> **Data for processing**
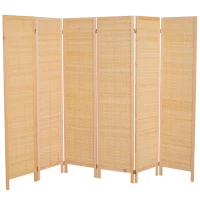 HomCom 6' 6-Panel Bamboo Screen Freestanding Room Divider(m-7)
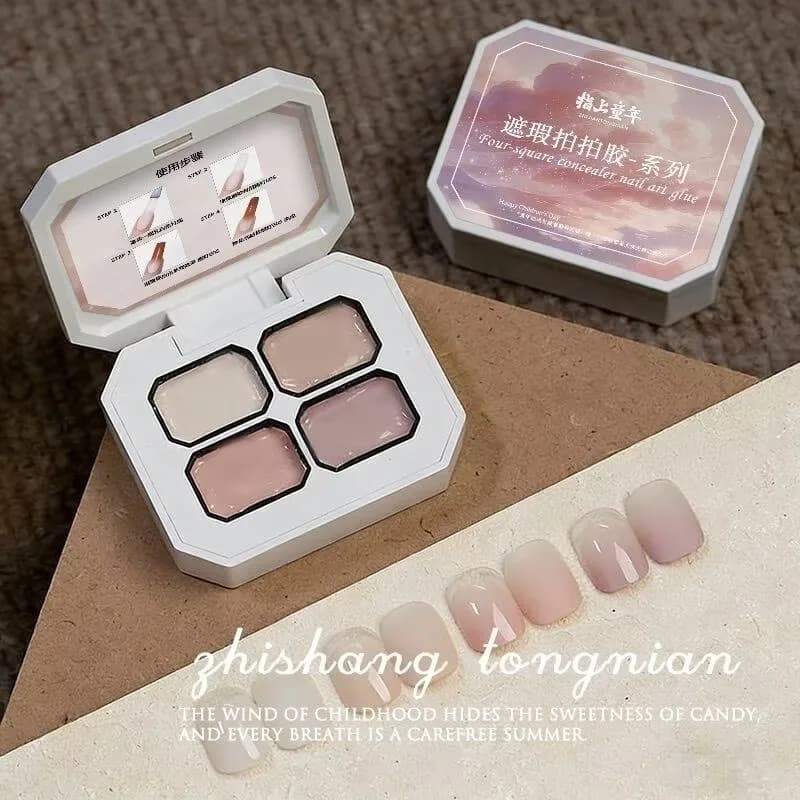 Corrector in 4 colors, popular nude color, foam gel for nail art, semi-permanent, removable with UV immersion.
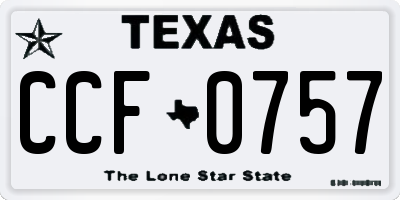 TX license plate CCF0757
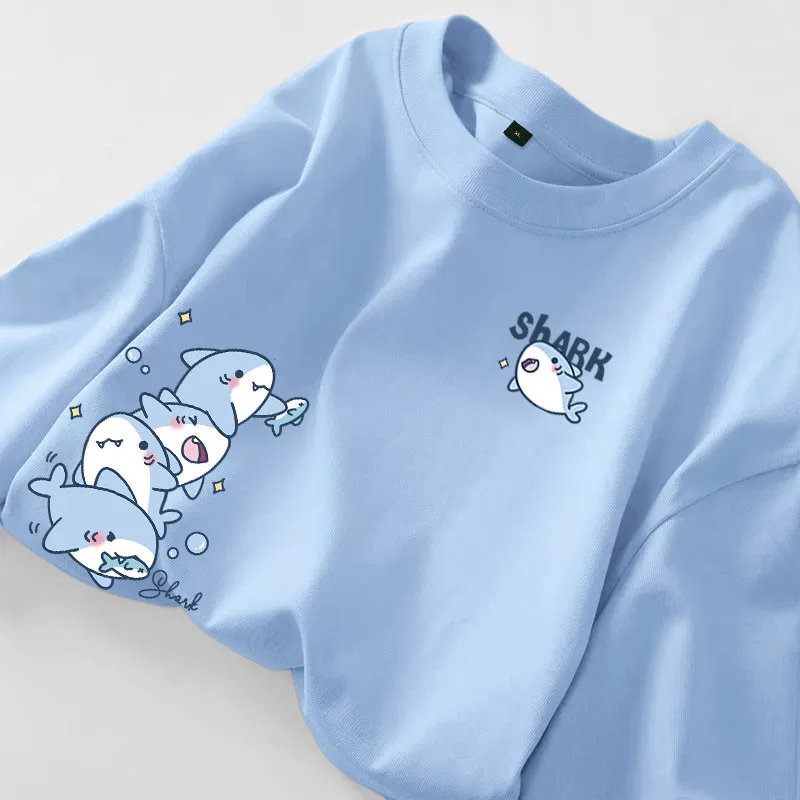 T-shirt à manches courtes d'été, imprimé requin de dessin animé, simple, décontracté, ample et polyvalent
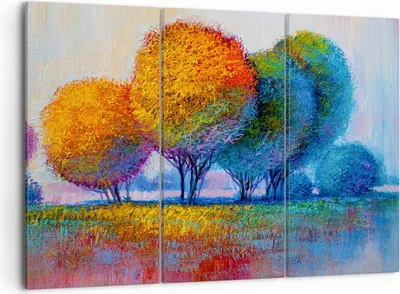 Produktbild von Bild auf Leinwand - Leinwandbild - Bäume Wiese Sommer - 105x70cm - Wand Bild - Wanddeko - Leinwanddruck - Bilder - Kunstdruck - Wanddekoration - Leinwand bilder - Wandkunst - CE105x70-4094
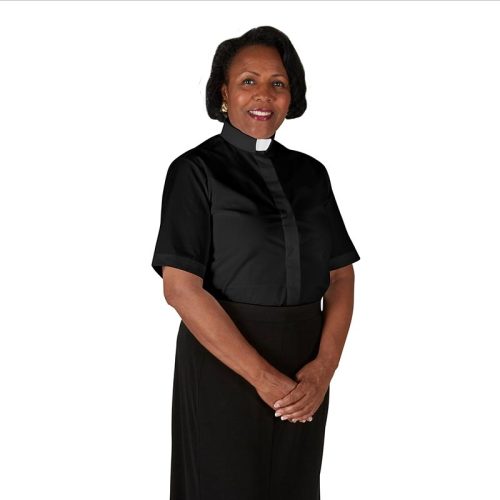 Womens Short Sleeve Tab Collar Clergy Shirt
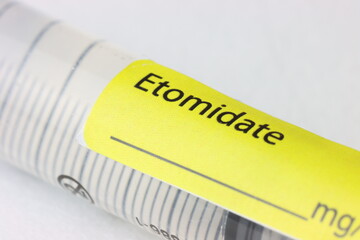 Close up of a Etomidate syringe label 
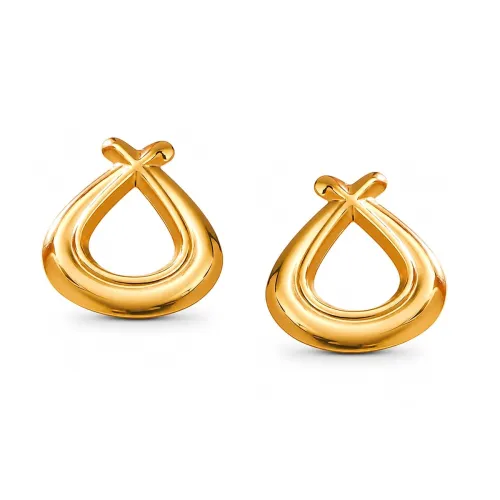 Image of Rubans Demi Fine Gold Toned Round Stud Earrings for Women Stylish Jewellery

> **Problem**
Each record above is to be restated exactly, with its pictures removed from the copy.

> **Answer for the task**
 HomCom 6' 6-Panel Bamboo Screen Freestanding Room Divider(m-7)
 Corrector in 4 colors, popular nude color, foam gel for nail art, semi-permanent, removable with UV immersion.
 TX license plate CCF0757
 T-shirt à manches courtes d'été, imprimé requin de dessin animé, simple, décontracté, ample et polyvalent
 Produktbild von Bild auf Leinwand - Leinwandbild - Bäume Wiese Sommer - 105x70cm - Wand Bild - Wanddeko - Leinwanddruck - Bilder - Kunstdruck - Wanddekoration - Leinwand bilder - Wandkunst - CE105x70-4094
 Womens Short Sleeve Tab Collar Clergy Shirt
 Close up of a Etomidate syringe label 
 Image of Rubans Demi Fine Gold Toned Round Stud Earrings for Women Stylish Jewellery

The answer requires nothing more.